Dans cet exemple, la connaissance du client sert d'argument pour justifier un certain modèle d'organisation du travail en agence (séparation des tâches et non, par exemple, répartition par secteurs). Il est possible d'élargir et de considérer que les textes abordant la Relation de service dans ce sous-corpus l'envisagent sous l'angle de ce que l'on a appelé plus haut la compétence organisationnelle, c'est-à-dire la capacité à mobiliser les ressources offertes par l'entreprise ou, ce qui est le cas ici, le réseau commercial. La dimension collective que ne cesse de prôner la presse professionnelle s'y rattache également. La compétence organisationnelle ne renvoie pas uniquement à la répartition des tâches en agence, comme dans l'exemple d'Acantalis, mais également à l'ensemble des méthodes et des appuis proposés par les réseaux commerciaux et les dispositifs d'action commune.
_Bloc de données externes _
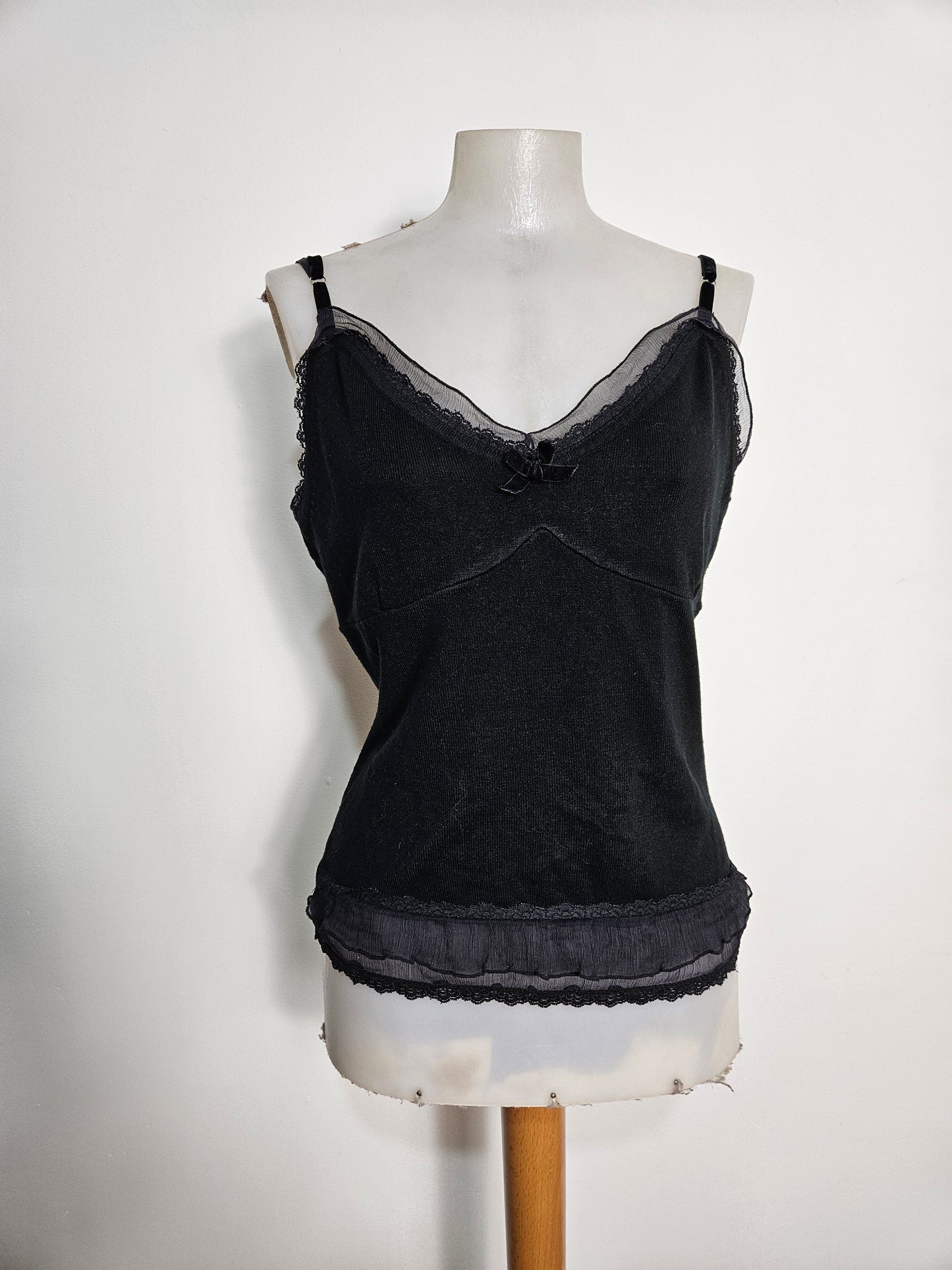 Débardeur noir détails voile et noeud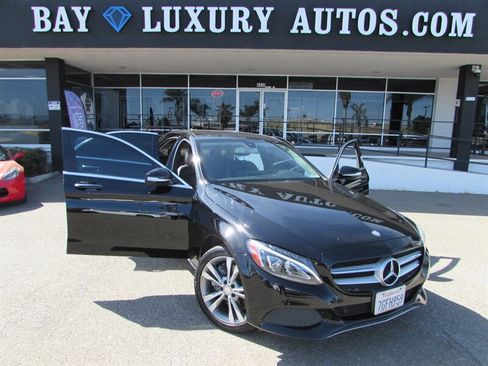 Used 2015 Mercedes-Benz C 300 4MATIC Sedan image 35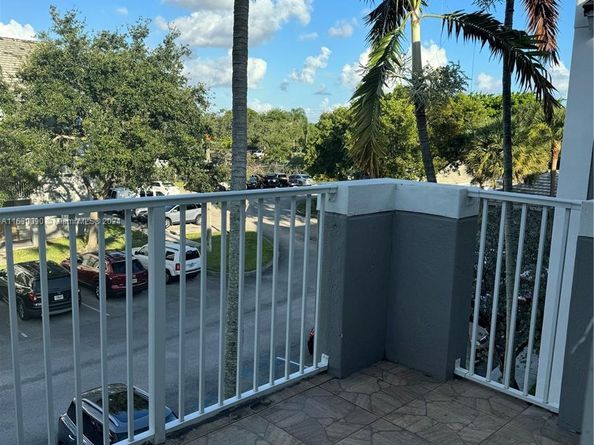 720 SW 111th Ave 307, Pembroke Pines FL 33025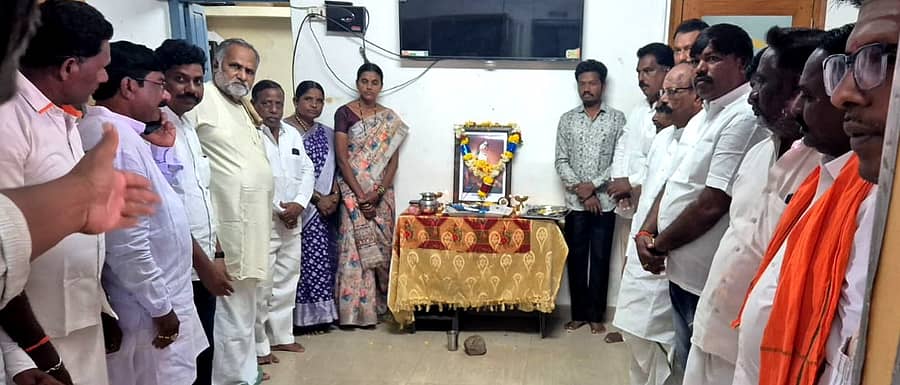 ಕಾರಟಗಿ ಪುರಸಭೆ ಕಚೇರಿಯಲ್ಲಿ ಮಹರ್ಷಿ ವಾಲ್ಮೀಕಿ ಜಯಂತಿ ಆಚರಿಸಲಾಯಿತು  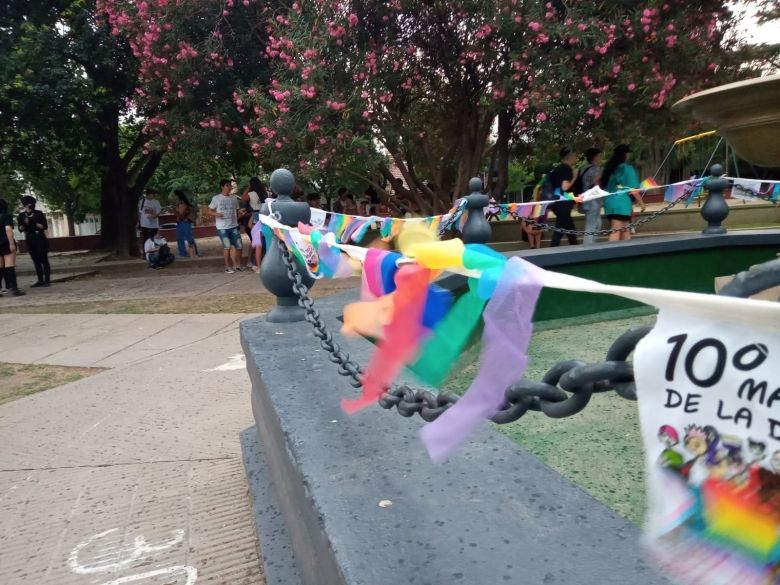 Pese a las condiciones se realizó la marcha por la Diversidad con la consigna “Nunca menos que la igualdad”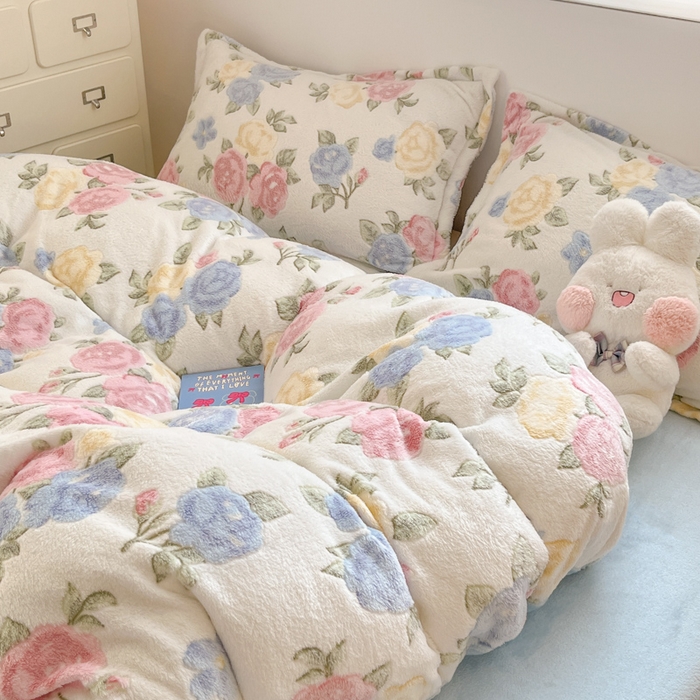 91家纺网 家纺一手货源 找家纺 川悦生活 2025新款立体雪花绒印花大床四件套系列二场景一 西柚花花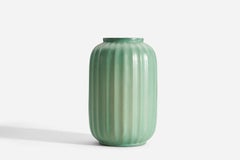Upsala-Ekeby, kannelierte, geriffelte Vase, glasiertes Earhenware, Schweden, 1930er Jahre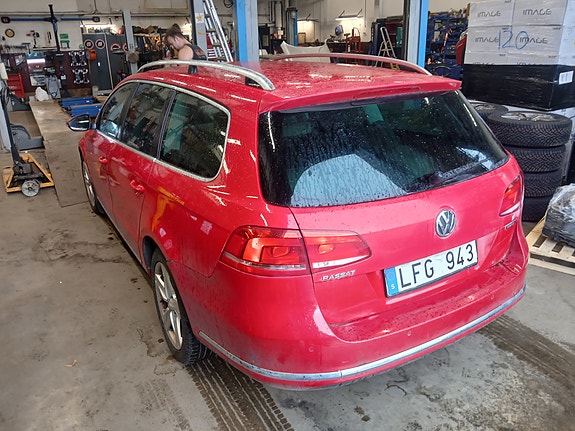 Volkswagen Passat 4 of 5
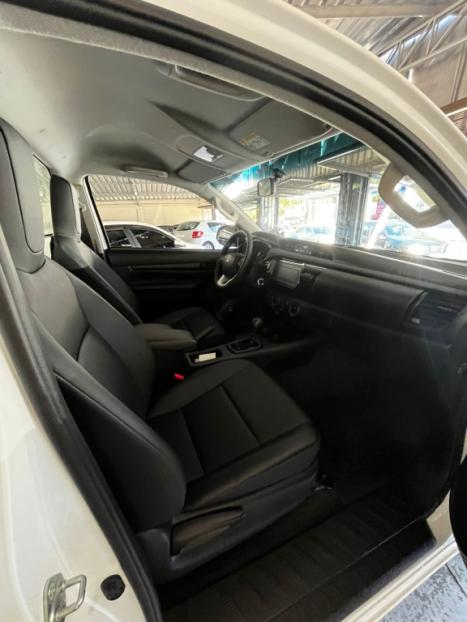 TOYOTA Hilux Caminhonete 2.8 4X4 DIESEL CABINE SIMPLES, Foto 7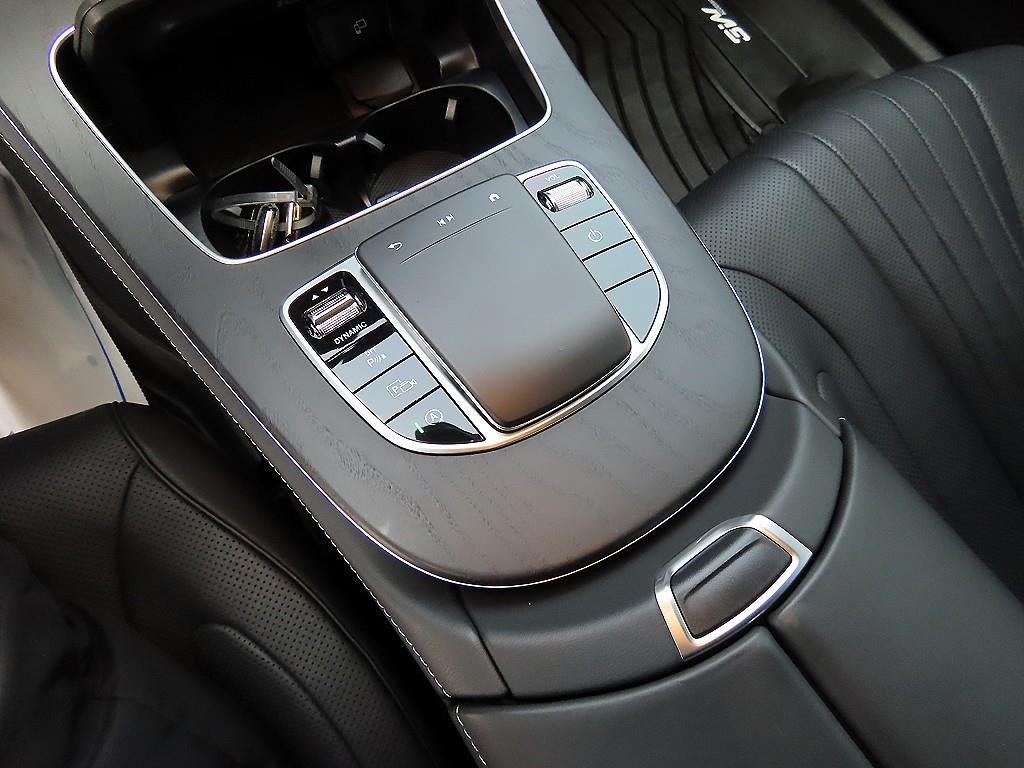 Mercedes-Benz CLS-Class — photo 14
On notera sans surprise qu'elle n'est qu'exceptionnellement décrite sous l'angle de la standardisation 247 , ce qui confirme à la fois les travaux cités plus haut de Gadrey et l'orientation des textes présentés jusqu'ici. Parallèlement, et à l'instar de ce que l'on a mis en évidence pour les discours adressés aux clients, la négociation elle-même est relativement mal saisie. Les dispositifs et les procédés sur lesquels s'attardent les textes du corpus sont donc plutôt ceux ayant trait à la prospection et à la promotion. La distribution des êtres fictifs indique également l'importance des supports de communication, et en particulier des SITES-INTERNET@ et des logiciels de gestion. Dans les fiches, plus que dans la presse professionnelle, la construction d'images de marque est également centrale. En effet, si la catégorie de Notoriété n'apparaît pas dans le tableau 11, celle d'Identité commerciale y occupe une grande place. Par ailleurs, le sous corpus des fiches de réseaux (de même que celui des interviews) se distingue par les LABELS@ qui arrivent en quatrième position dans la distribution des être fictifs (en dixième dans l'ensemble du corpus, et 38e dans la presse consumériste). Cet aspect sera abordé plus loin, dans l'étude de la différenciation des réseaux, et nous commencerons par les dispositifs de prospection et de promotion.

Notes
246.

"Il faut savoir que le Groupe Vendôme Rome - Auguste Thouard gère, par l'intermédiaire de ses différentes filiales 500 000 lots et 12 millions de m2 de bureaux. Sur ces 500 000 lots, il y a 350 000 appartements. C'est une synergie évidente en cas de revente. D'autre part, le groupe dispose de 220 filiales en relation avec les groupes institutionnels qui mettent en vente régulièrement une partie de leur patrimoine immobilier. Nous avons en ce moment 200 appartements dont l'armée se sépare, des biens du groupe AXA... Ce sont des opportunités qu'un agent immobilier traditionnel ne peut avoir en portefeuille." Interview de M. Buyens, un des responsables du réseau Laforêt. Notons que la relation ne va pas de l'agent vers le groupe de gestion mais considère, à l'inverse, le groupe de gestion comme une ressource et un apporteur d'affaires pour l'agent.

247.

Cela peut être le cas pour des franchises qui ne relèvent pas de la négociation immobilière mais d'autres concepts commerciaux appliqués à l'immobilier. Citons notamment Immosky qui se présente comme un "démarcheur immobilier" et dont la pratique repose sur le télémarketing : un centre d'appel basé en Suisse s'occupe du démarchage téléphonique sur la base d'un repérage systématique des petites annonces. Le responsable de l'agence (qui n'a en réalité pas besoin de louer un local commercial) est ainsi libéré de la prospection. De façon assez intéressante, la seule aptitude demandée au candidat (outre un investissement initial important) est de "vouloir gagner de l'argent".